"That's When" is a song recorded by American singer-songwriter Taylor Swift featuring New Zealand-born Australian country singer Keith Urban. The song is the 24th track on Swift's first re-recorded album, Fearless (Taylor's Version) (2021), a re-recording of her 2008 album Fearless. It is one of six "from the Vault" tracks that were written for the original album but were scrapped. Swift wrote the song with the Warren Brothers in 2006 and produced it with Jack Antonoff in 2021. 

"That's When" is a country pop song narrating the aftermath of a broken relationship, with the lovers introspecting on how to reunite with one another. It received positive reviews from music critics, who favored the production and Urban's presence on the song. Commercially, the song reached number 30 on the U.S. Hot Country Songs chart, number 76 on the Rolling Stone Top 100, number 63 in Canada, and number 81 in Australia.

Background and release
On February 11, 2021, following the dispute regarding the rights to the masters of her first six studio albums, Taylor Swift announced that the first of her re-recorded albums, Fearless (Taylor's Version), a re-recording of Swift's 2008 album Fearless, would be released on April 9, 2021. Alongside the announcement, Swift revealed she would release six songs, all dubbed "from the Vault" that did not make the 2008 album. Swift explained several reasons for the scrapping of the vault tracks, including not wanting too many breakup or down-tempo songs on the album, and the limitations of how many songs could fit on CDs in 2008. In her announcement of the album, Swift wrote "I've decided I want you to have the whole story. See the entire vivid picture, and let you into the entire dreamscape that is my Fearless album." Swift originally wrote "That's When" with The Warren Brothers, a country music duo composed of Brad and Brett Warren, in 2006, when she was a teenager and co-writing many of her songs in Nashville. Swift contacted The Warren Brothers again before the release of Fearless (Taylor's Version); they stated that fifteen years is the longest they've ever had a song on hold. A solo demo of "That's When" was leaked around 2014.

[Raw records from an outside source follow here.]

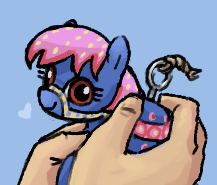 Size: 217x185 | Tagged: safe, artist:plunger, derpibooru import, ponified, earth pony, human, pony, female, hand, happy, heart, holding a pony, image, keychain, mare, png, polka dots, saddle, solo, tack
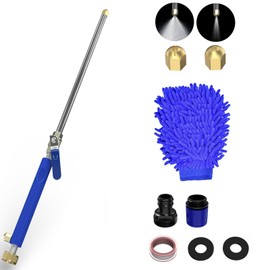 Karveden High Pressure Washer Wand, Hydro Jet Nozzle Power Washer Tools with 2 Different Pressurizing Nozzles and Hose Quick Connectors for Car Washing, Garden Cleaning, Patio, 18Inch Blue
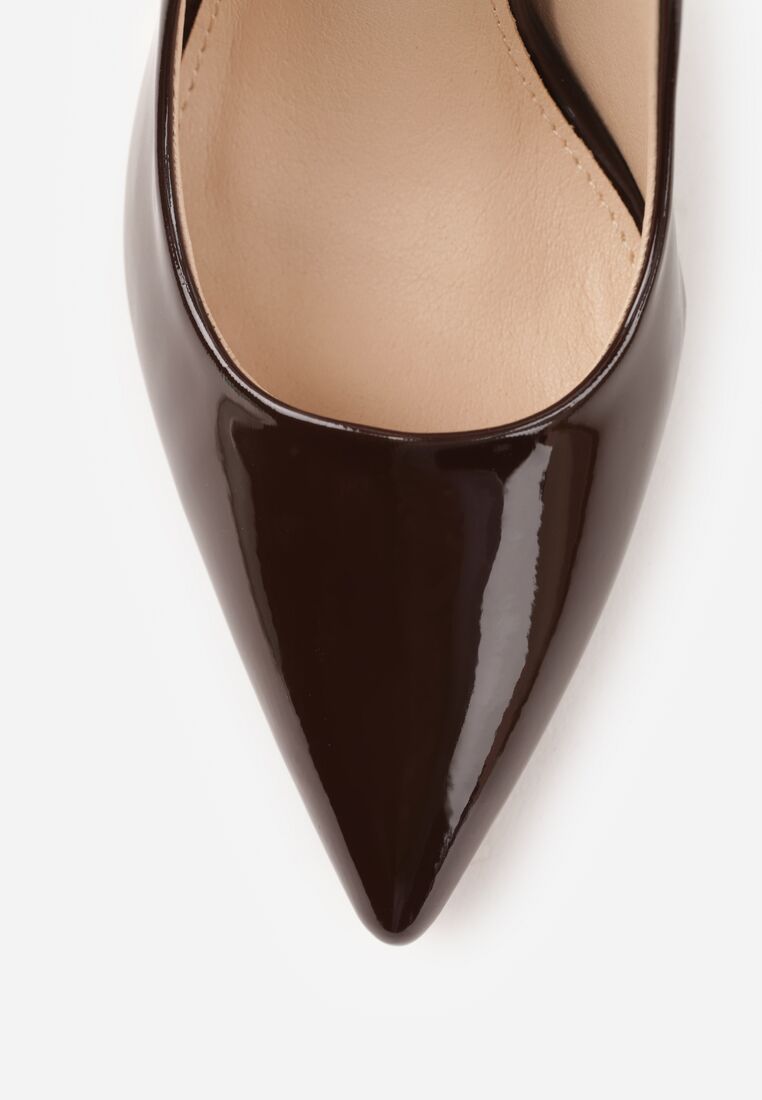 Brązowe Klasyczne Szpilki VICES z Lakierowanym Połyskiem Divenia 8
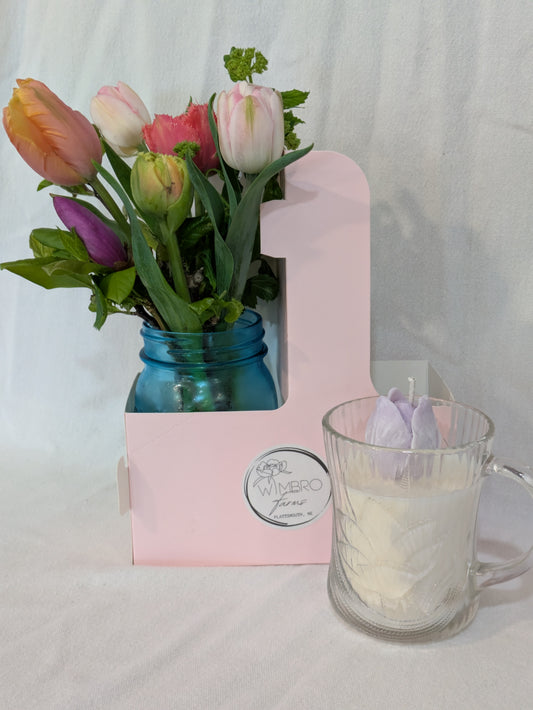Flowers + Candle + Carrier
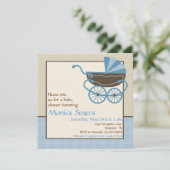 Invitation au Baby shower Pram (Debout devant)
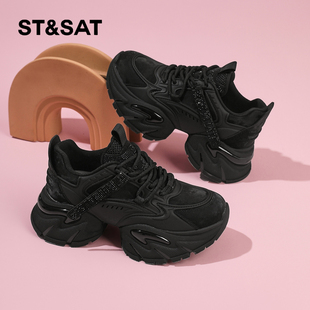 星期六老爹鞋女2025冬季新款女鞋女款爆款鞋子厚底加绒棉鞋运动鞋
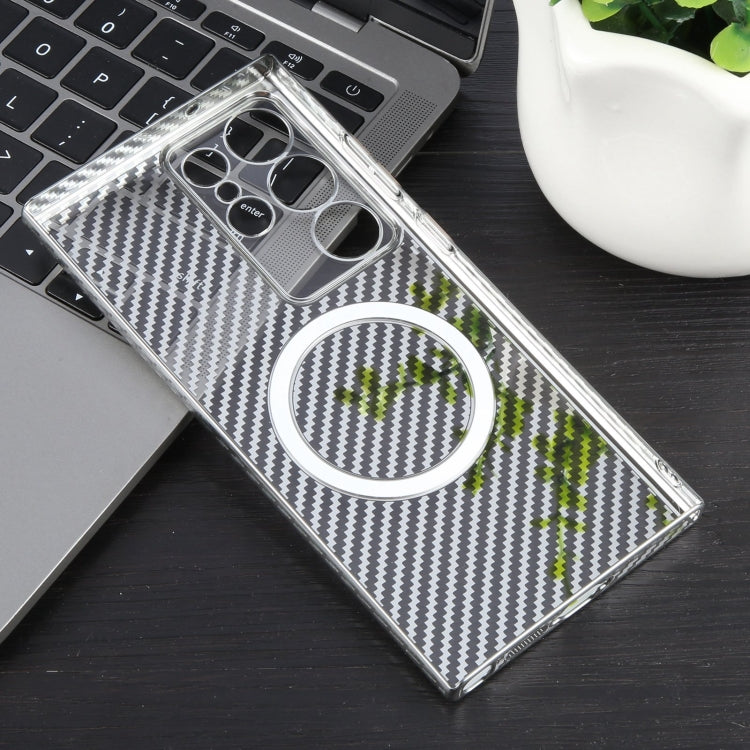 For Samsung Galaxy S24 Ultra 5G 6D Plated Carbon Fiber Clear Magsafe PC Phone Case(Starlight Silver) - Galaxy S24 Ultra 5G Cases by buy2fix | Online Shopping UK | buy2fix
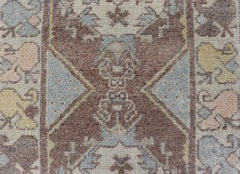 Classic Medallion Design Turkish Oushak Runner in Soft Pastel Tones
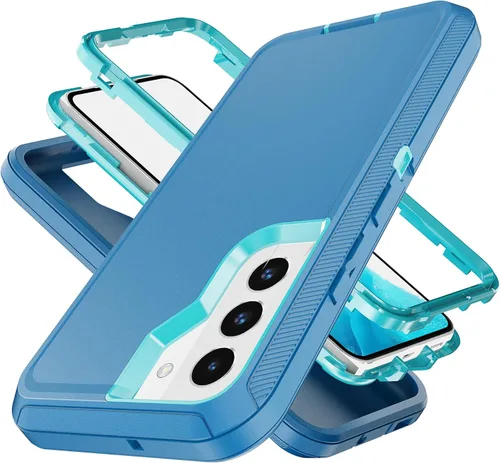 Vista 13 de YmhxcY Funda S22, funda para Galaxy S22, funda duradera de 3 capas a prueba de caídas, protección contra caídas, funda de goma sólida mate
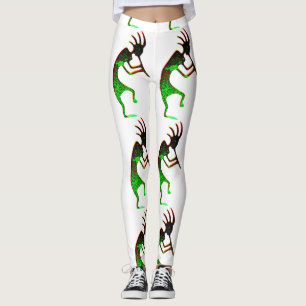 Legging preto verde do kokopelli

"That's When" marks Swift's second collaboration with Urban, after Tim McGraw's 2012 single "Highway Don't Care". Swift was the opening act during Urban's 2009 Escape Together World Tour. When initially looking back through her unreleased songs, Swift believed the song would work better as a duet and could only imagine Urban as the duet partner. Urban told Ellen DeGeneres in an interview that he was doing his Christmas shopping when Swift texted him requesting he contribute to "That's When" and "We Were Happy," another vault track: "I’m sitting in the food court at the shopping centre listening to these two unreleased Taylor Swift songs. [...] It was an unusual place to be hearing unreleased Taylor Swift music but I love the songs and luckily got to put a vocal on both of those."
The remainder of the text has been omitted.